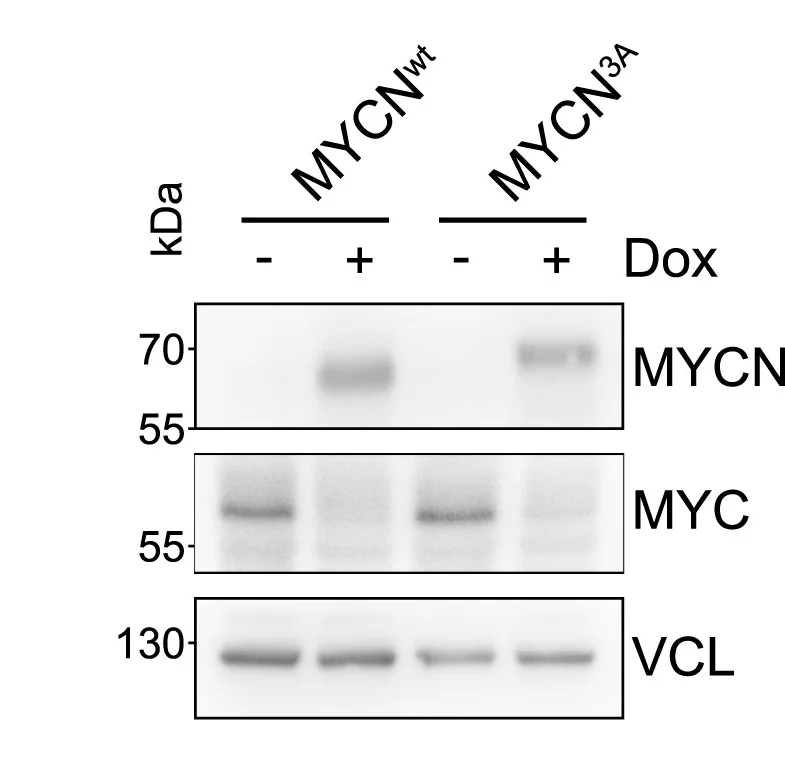 Open access visualization of Gel, Immunoblot, SH-EP Cells, MYCN, Dox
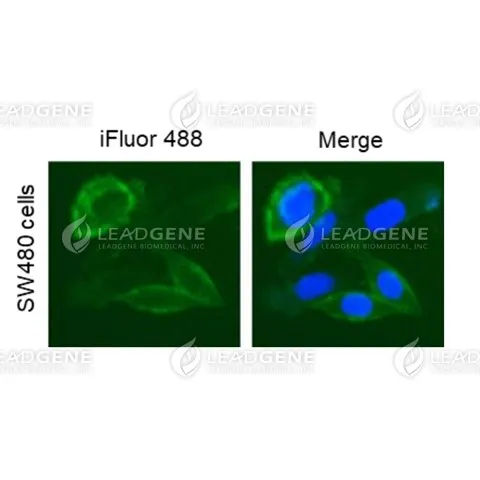 Anti-CD326 Antibody [Clone 6G2]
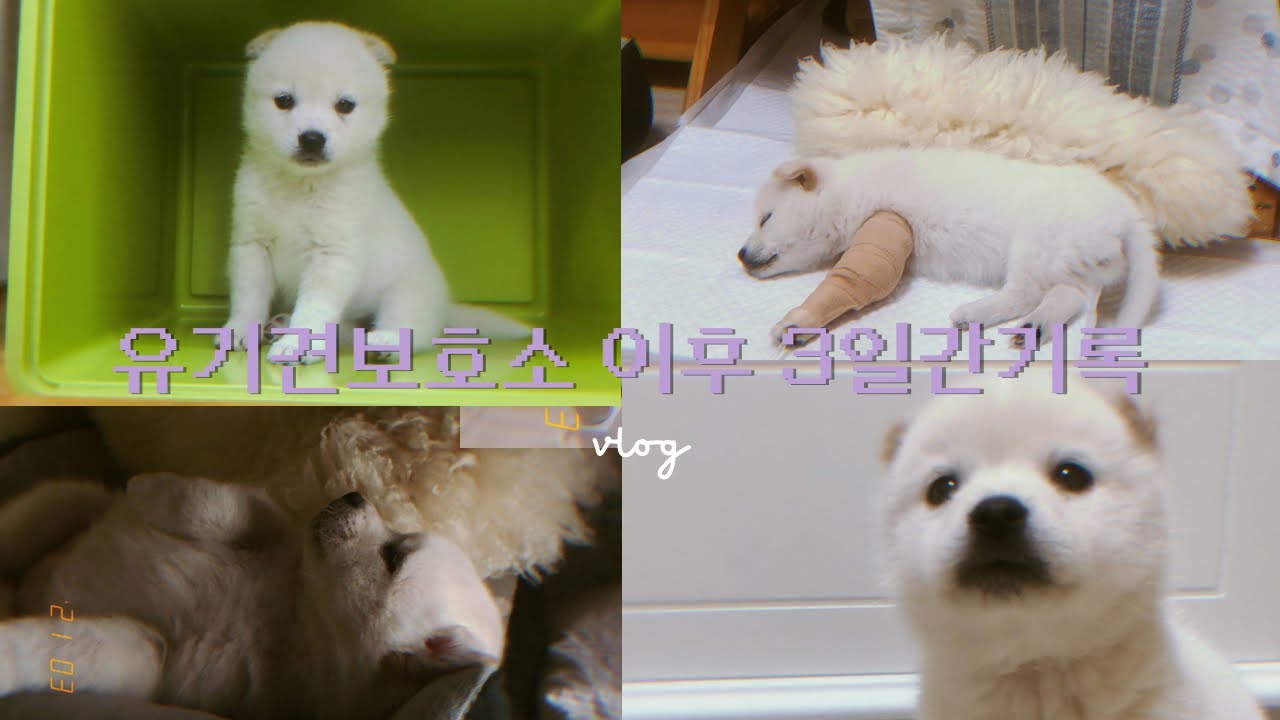 유기견보호소 이후 3일간의 기록 | 파보바이러스 | 유기견입양 | Korean Jindo Dog Parvovirus Recovery
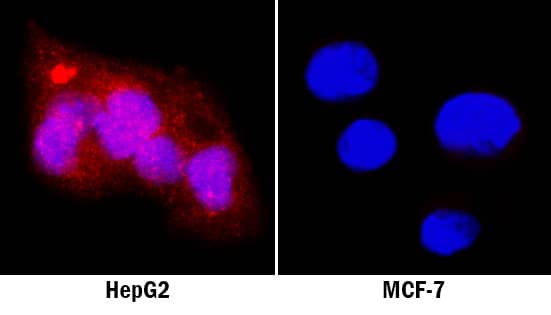 GATA-4 antibody in HepG2 Human Cell Line by Immunocytochemistry (ICC).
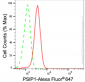 KD-Validated Anti-PSIP1 / LEDGF Rabbit Monoclonal Antibody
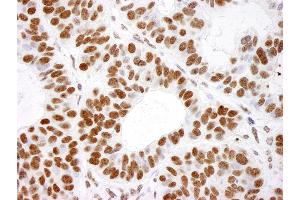 Immunohistochemistry (IHC) image for anti-Histone H4 (HISTH4) (C-Term) antibody (ABIN7453610) (Histone H4 anticorps  (C-Term))
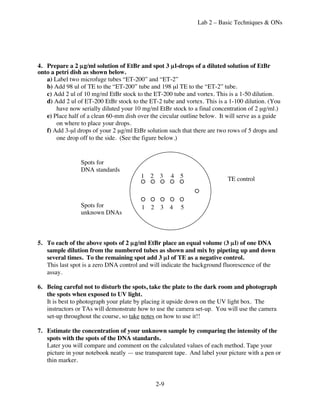 Lab 2 – Basic Techniques & ONs




4. Prepare a 2 µg/ml solution of EtBr and spot 3 µl-drops of a diluted solution of EtBr
onto a petri dish as shown below.
   a) Label two microfuge tubes “ET-200” and “ET-2”
   b) Add 98 ul of TE to the “ET-200” tube and 198 µl TE to the “ET-2” tube.
   c) Add 2 ul of 10 mg/ml EtBr stock to the ET-200 tube and vortex. This is a 1-50 dilution.
   d) Add 2 ul of ET-200 EtBr stock to the ET-2 tube and vortex. This is a 1-100 dilution. (You
       have now serially diluted your 10 mg/ml EtBr stock to a final concentration of 2 µg/ml.)
   e) Place half of a clean 60-mm dish over the circular outline below. It will serve as a guide
       on where to place your drops.
   f) Add 3-µl drops of your 2 µg/ml EtBr solution such that there are two rows of 5 drops and
       one drop off to the side. (See the figure below.)


                 Spots for
                 DNA standards
                                        1 2 3       4 5                    TE control



                 Spots for               1 2 3 4        5
                 unknown DNAs



5. To each of the above spots of 2 µg/ml EtBr place an equal volume (3 µl) of one DNA
   sample dilution from the numbered tubes as shown and mix by pipeting up and down
   several times. To the remaining spot add 3 µl of TE as a negative control.
   This last spot is a zero DNA control and will indicate the background fluorescence of the
   assay.

6. Being careful not to disturb the spots, take the plate to the dark room and photograph
   the spots when exposed to UV light.
   It is best to photograph your plate by placing it upside down on the UV light box. The
   instructors or TAs will demonstrate how to use the camera set-up. You will use the camera
   set-up throughout the course, so take notes on how to use it!!

7. Estimate the concentration of your unknown sample by comparing the intensity of the
   spots with the spots of the DNA standards.
   Later you will compare and comment on the calculated values of each method. Tape your
   picture in your notebook neatly — use transparent tape. And label your picture with a pen or
   thin marker.


                                              2-9
 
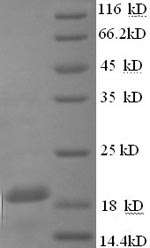 SDS-PAGE separation of QP8811 followed by commassie total protein stain results in a primary band consistent with reported data for IFNG / Interferon Gamma Protein. These data demonstrate Greater than 90% as determined by SDS-PAGE.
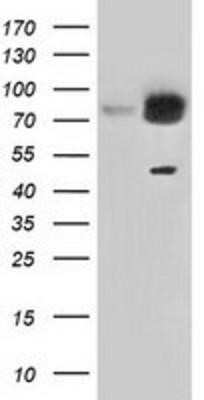 Western Blot: GRASP65 Antibody (OTI5G8)Azide and BSA Free [NBP2-72144]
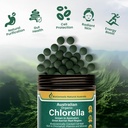biogenesis-organic-algae-powerhouse-set--5.jpg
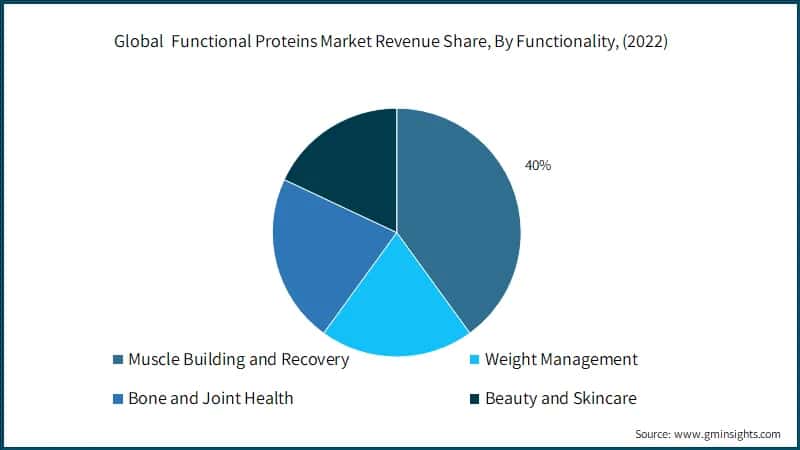 Global&nbsp; Functional Proteins Market Revenue Share, By Functionality, (2022)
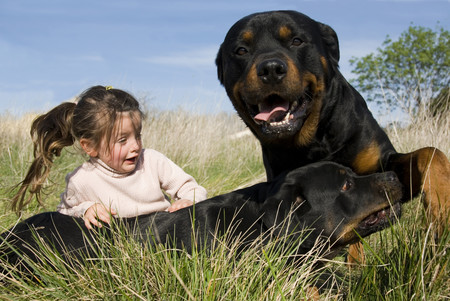 Las impactantes imágenes de una madre defendiendo a su hijo del ataque de unos perros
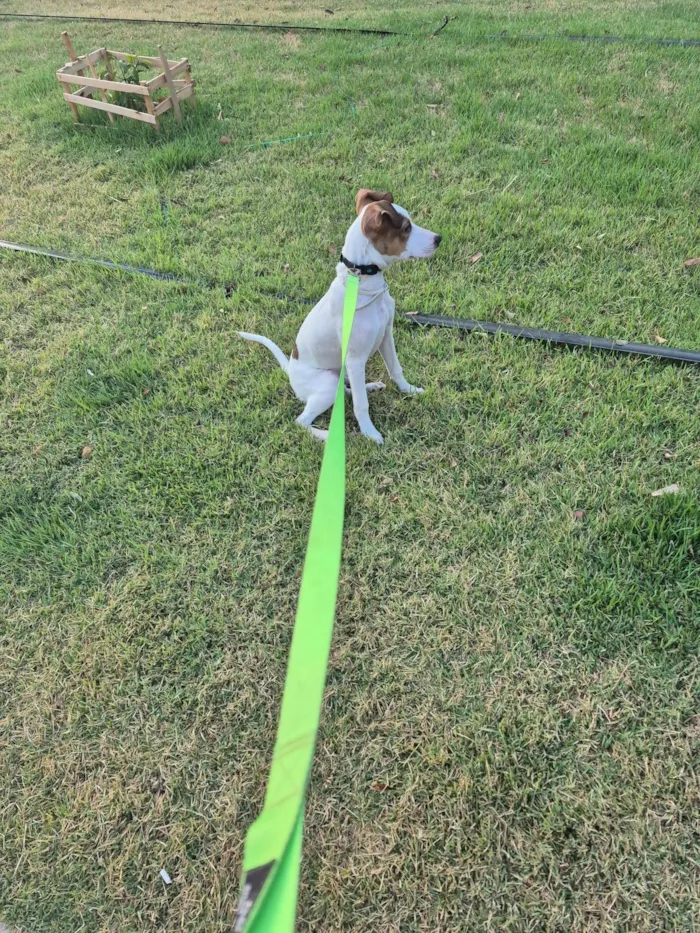 Cachorro ra a SRD-ViraLata idade 2 a 6 meses nome Theodoro
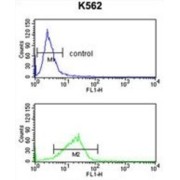 DNA Polymerase Epsilon 3, Accessory Subunit (POLE3) Antibody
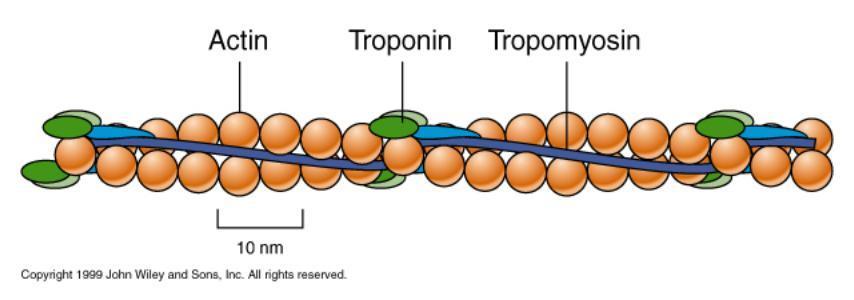 Muskelcellens uppbyggnad Till aktinfilamenten finns reglerproteinerna troponin och tropomyosin bundet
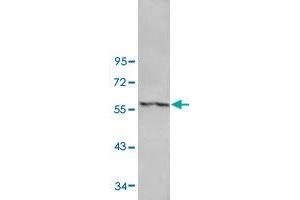 Western blot analysis of human fetal lung tissue lysate with ANGPT4 polyclonal antibody  at 1:500 dilution. (Angiopoietin 4 anticorps)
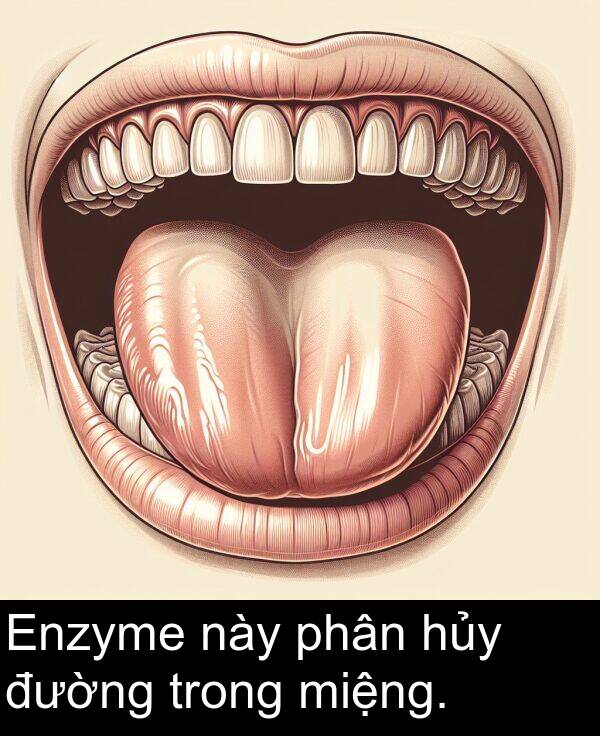 này: Enzyme này phân hủy đường trong miệng.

**Task goal:**
The answer is the lines of the material above, from the one containing "Lab 2 – Basic Techniques & ONs" down to the one containing "f) Add 3-µl", given exactly and without images.

**Exercise solution:**
 Lab 2 – Basic Techniques & ONs




4. Prepare a 2 µg/ml solution of EtBr and spot 3 µl-drops of a diluted solution of EtBr
onto a petri dish as shown below.
   a) Label two microfuge tubes “ET-200” and “ET-2”
   b) Add 98 ul of TE to the “ET-200” tube and 198 µl TE to the “ET-2” tube.
   c) Add 2 ul of 10 mg/ml EtBr stock to the ET-200 tube and vortex. This is a 1-50 dilution.
   d) Add 2 ul of ET-200 EtBr stock to the ET-2 tube and vortex. This is a 1-100 dilution. (You
       have now serially diluted your 10 mg/ml EtBr stock to a final concentration of 2 µg/ml.)
   e) Place half of a clean 60-mm dish over the circular outline below. It will serve as a guide
       on where to place your drops.
   f) Add 3-µl drops of your 2 µg/ml EtBr solution such that there are two rows of 5 drops and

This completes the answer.